The experimental results on the T-Tourism dataset are given in Table 4. Obviously, the classification effect of each model on T-Tourism dataset is better than that of the C-Tourism dataset, which indicates that English text is easier to perform sentiment classification than Chinese text. In addition, the collected T-Tourism dataset does not contain emojis. Since emojis are included in sentences in the form of words, when the short text does not contain emojis, the proposed model just does not extract the emojis and there is no need to modify the model, which verifies the flexibility of the proposed model and facilitates its usage in practical scenarios.
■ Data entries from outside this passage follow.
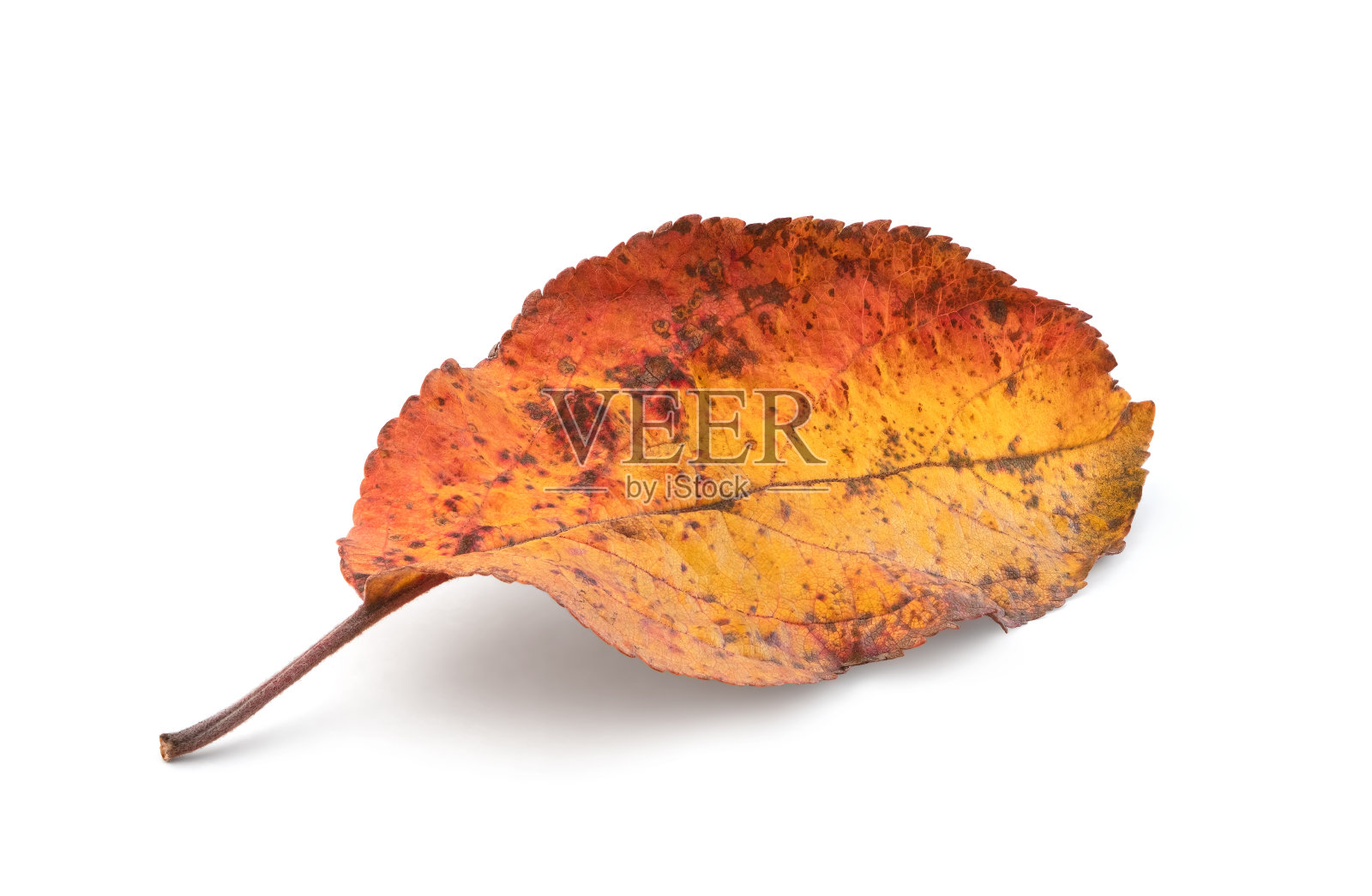 秋叶孤立在白色背景上照片摄影图片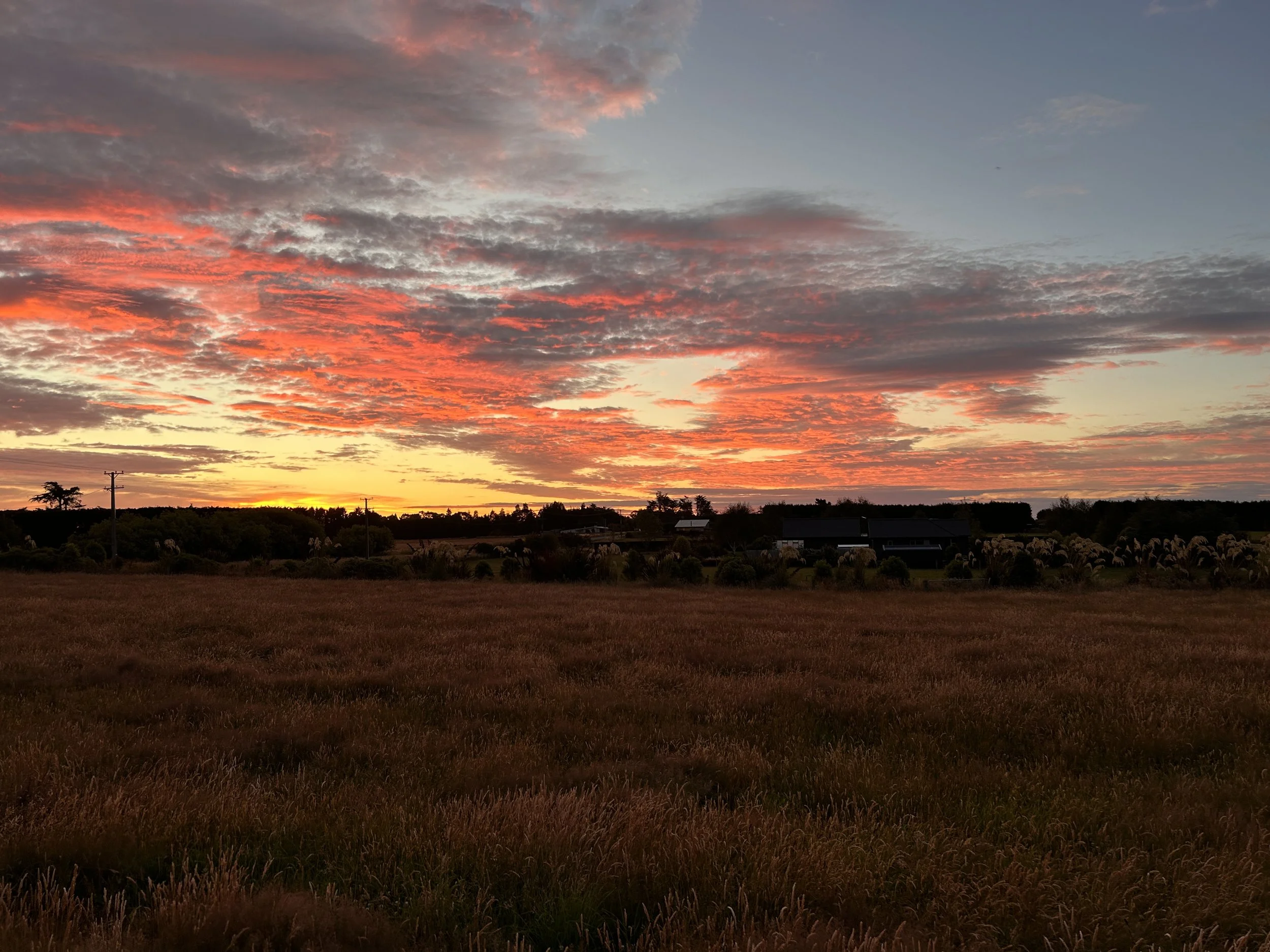 A sunset or sunrise sky with colorful clouds in shades of orange, pink, and gray over a rural landscape with trees, fields, power lines, and houses.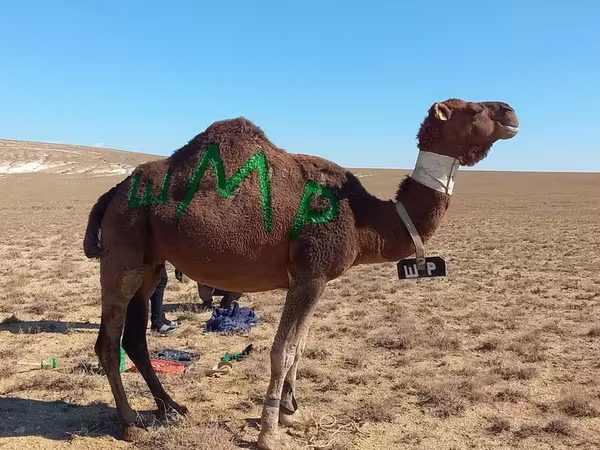Geel lab, Arvana camel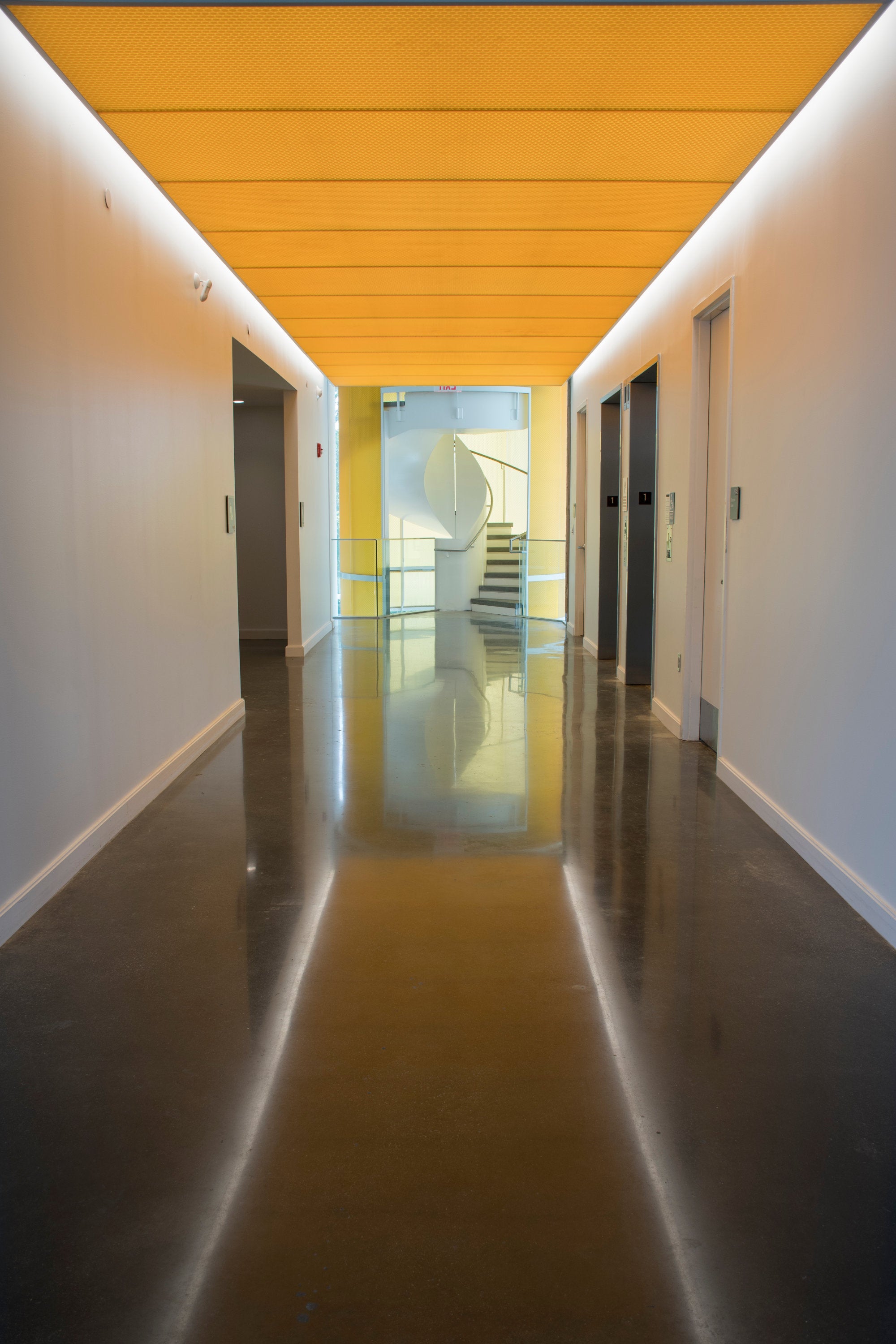 A view of an interior hallway in the Fascitelli Center for Advanced Engineering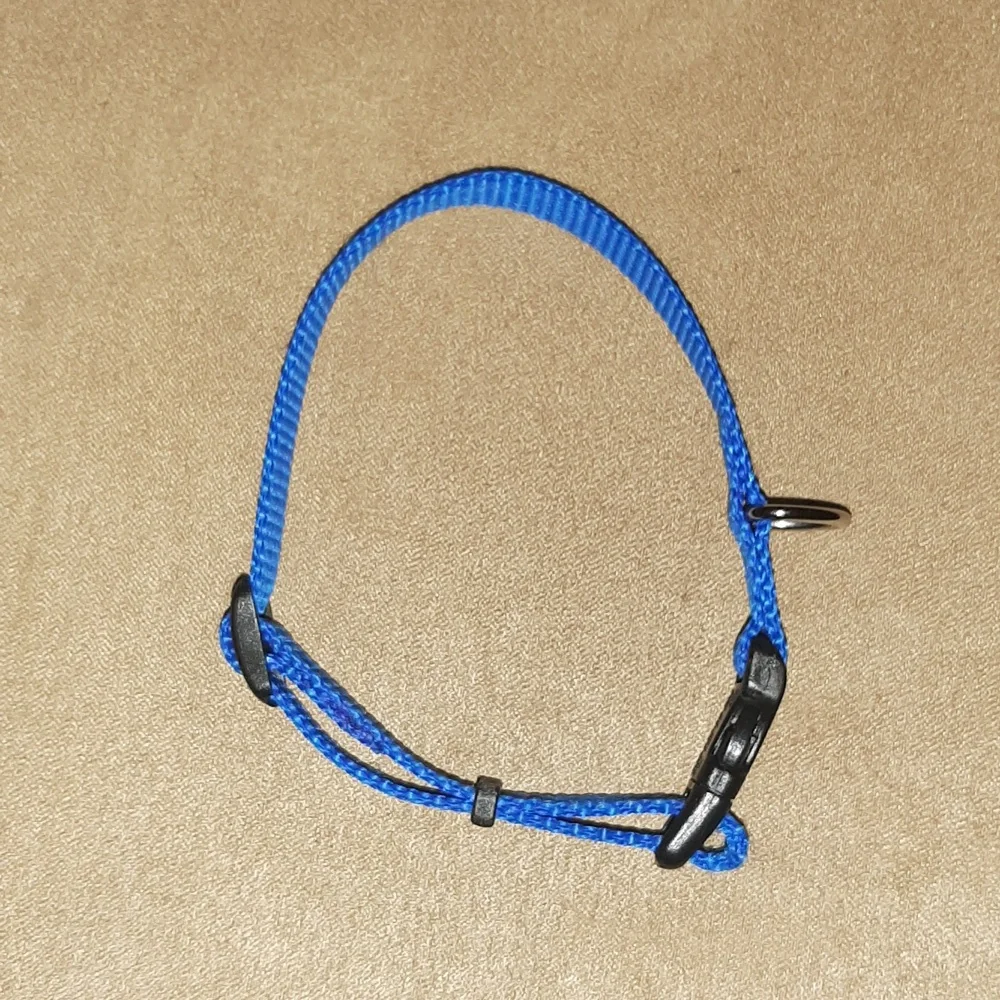 🐶🐕Top Paw-Dog Collar Small, New without Tags, Free with Purchase!
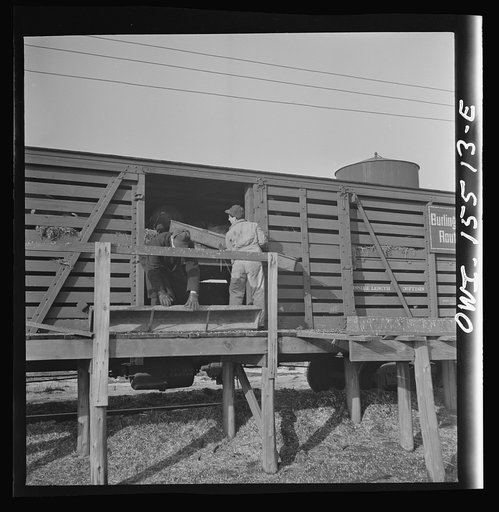 Untitled photo, possibly related to: Calumet City, Illinois. A stock train at the Calumet Park stockyards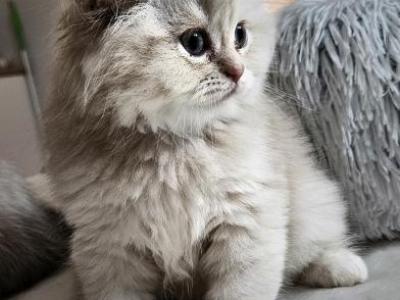 Golden Chinchilla - Scottish Fold - Gallery Photo #1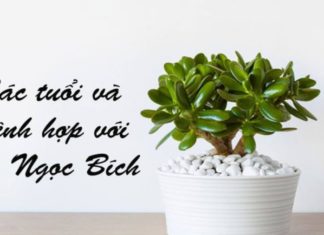 Unique and Compact Title: “The Perfect Harmony: Planting Prosperity with a Small Indoor Pot”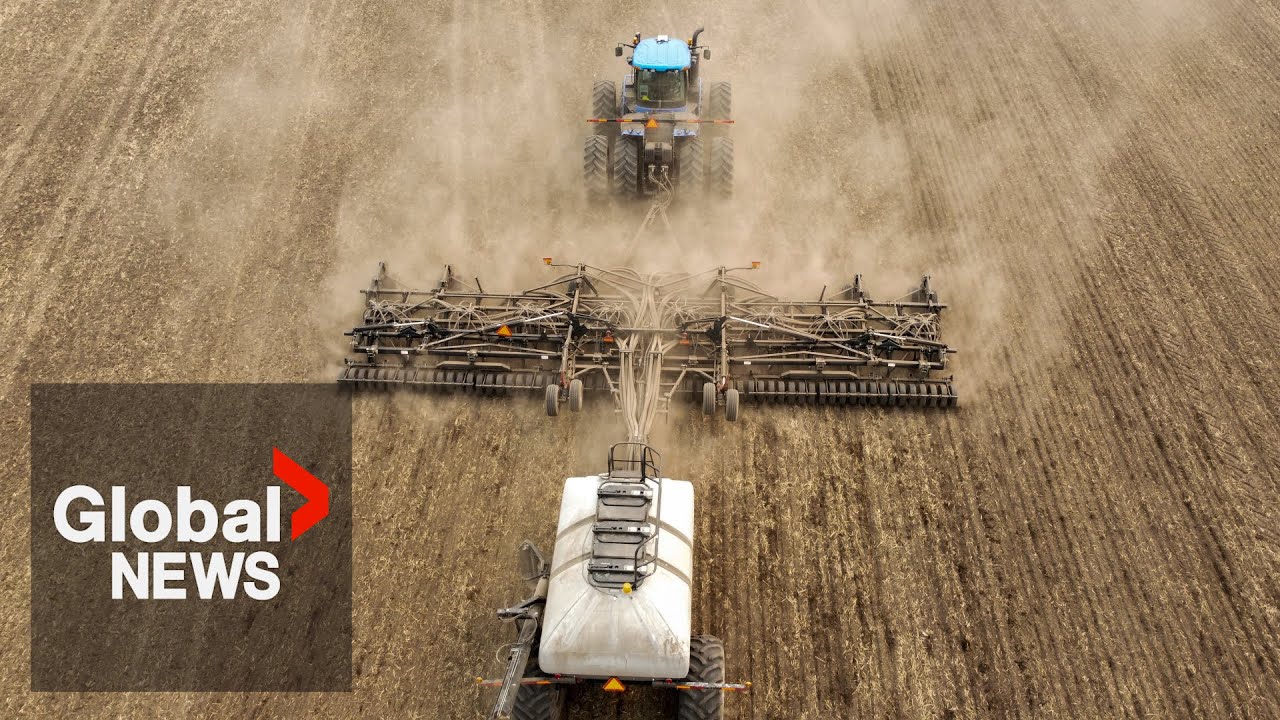 Drought conditions prompt agricultural disasters across Alberta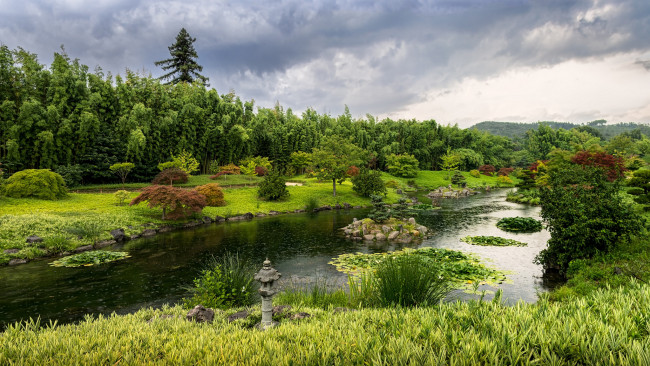 Обои картинки фото природа, реки, озера, река, лес, долина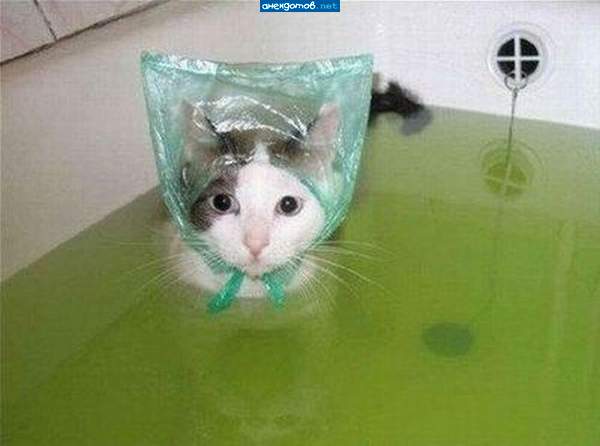 Зато причёска сохранится!"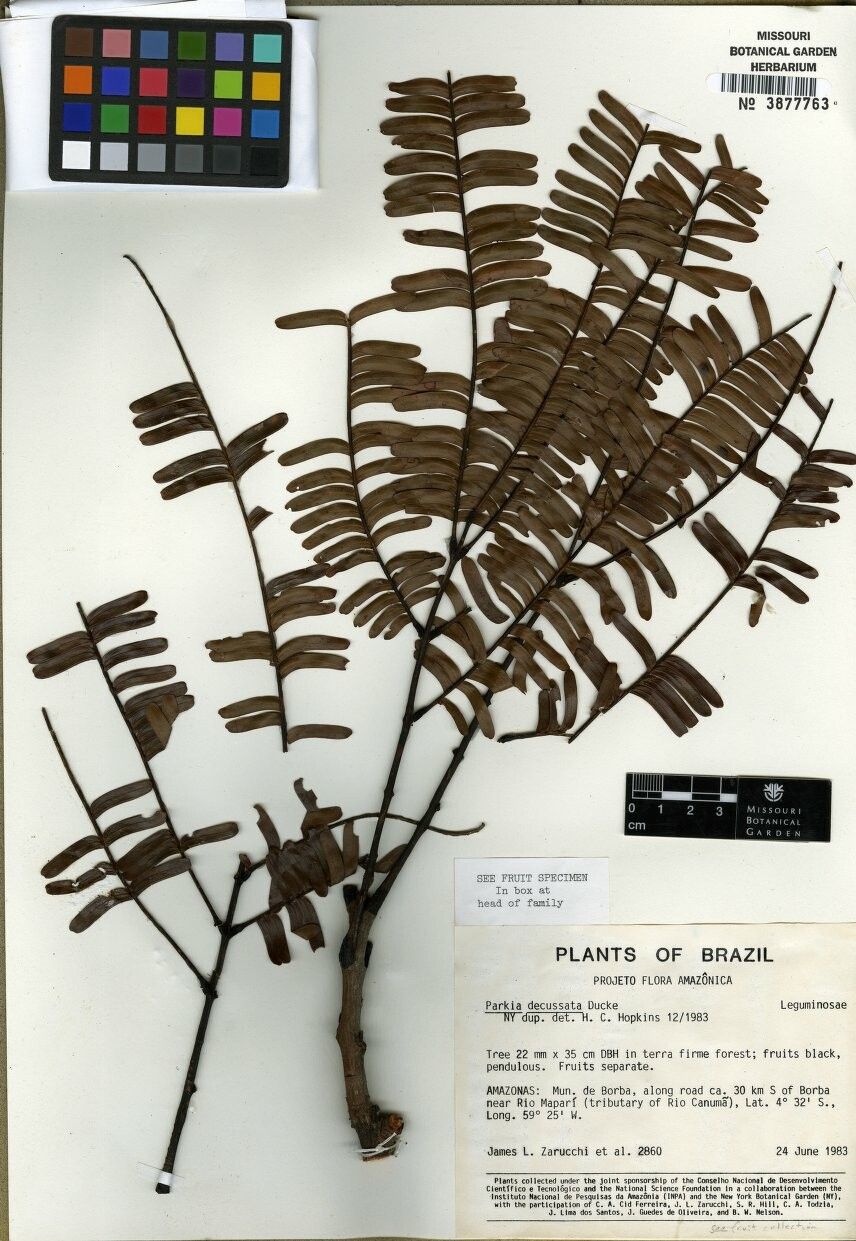 Parkia decussata — related species from the same genus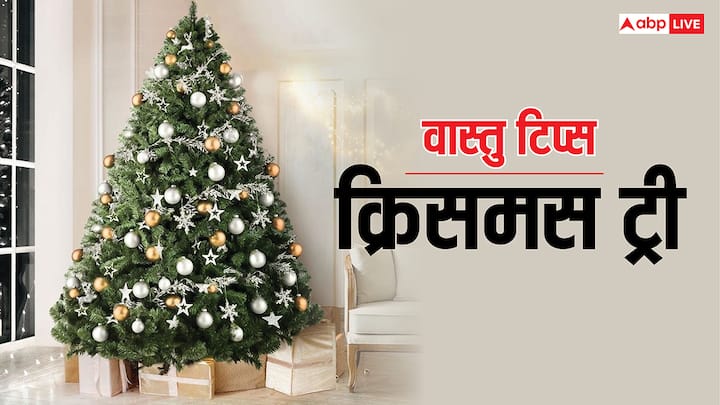 Vastu Tips: क्रिसमस ट्री के बिना ये फेस्टिवल अधूरा है, ये न सिर्फ डेकोरेशन का एक हिस्सा है बल्कि वास्तु में क्रिसमस ट्री लगाना शुभ माना जाता है, इससे वास्तु दोष दूर हो सकता है, जानें इसे लगाने के नियम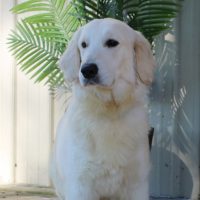 Hunnington's "Pearl" Hunnington's Pearl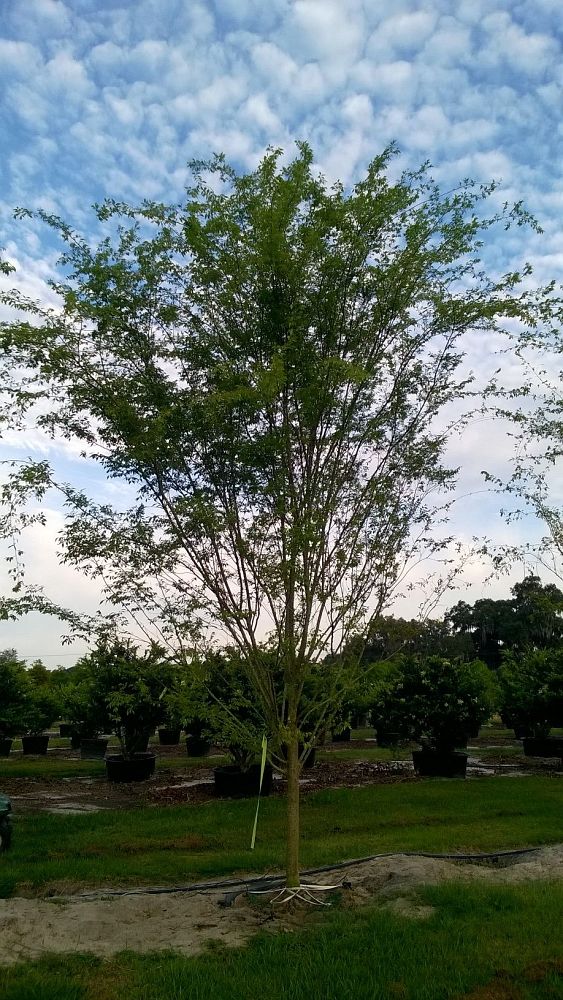 ulmus-parvifolia-emer-ii-chinese-elm-allee-lacebark-elm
In order to further verify the sentiment classification performance of the proposed model, only positive and negative samples in the experimental dataset are retained, and the experimental results with the five models are shown in Table 5. The accuracy is used as the evaluation indicator in this experiment. It can be seen from Table 5 that after removing the neutral samples, the accuracy rate of all five models has improved significantly, and it is also verified that the English dataset still outperforms the Chinese dataset in the binary classification task. The proposed method achieves the best result of 95.01% on the English dataset. The results prove that neutral samples have greater recognition difficulty than positive and negative samples in the sentiment classification tasks.

4.6. Ablation Study

The role of each module in the proposed method is analyzed through ablation experiments. The experimental results are given in Figure 6. Among them, the image model uses only the image sentiment classification module to classify tourist review sentiment, which has the worst performance and proves the poor stability of determining tourist sentiment from images only. The text model uses only the text sentiment analysis network with multifeature fusion mechanism for sentiment classification. The fusion model achieves the best performance, which fully demonstrates that there is complementarity between images and text, and the combination of both can achieve optimal performance.

5. Conclusion and Future Works

In this paper, a multifeature fusion approach for sentiment analysis of tourism reviews containing images and texts is proposed. In the text sentiment classification module, word features, POS features, emoji features, and tag features are combined with tourism review sentences to enhance the ability of the proposed model to capture sentiment semantics. In the image sentiment classification module, a global and face-based image sentiment classification method is designed, and the results of the text module and image module are combined in the fusion module. The experimental results show that the fusion of the two modules achieves better performance at the decision level, indicating that the image-text feature fusion gives full play to the complementary roles of images and text and further improves the sentiment classification performance of tourism reviews.

However, in the process of facial emotional feature extraction, more complex situations are not considered in this paper, such as side face or occlusion. Therefore, future research will consider more complex and ubiquitous picture models. In addition, we will also study other more advanced classifiers to further improve the accuracy of emotional analysis of tourism comments.

Data Availability

All data included in this study are available upon request by contact with the corresponding author.

Conflicts of Interest

The author declares that there is no conflict of interest regarding the publication of this paper.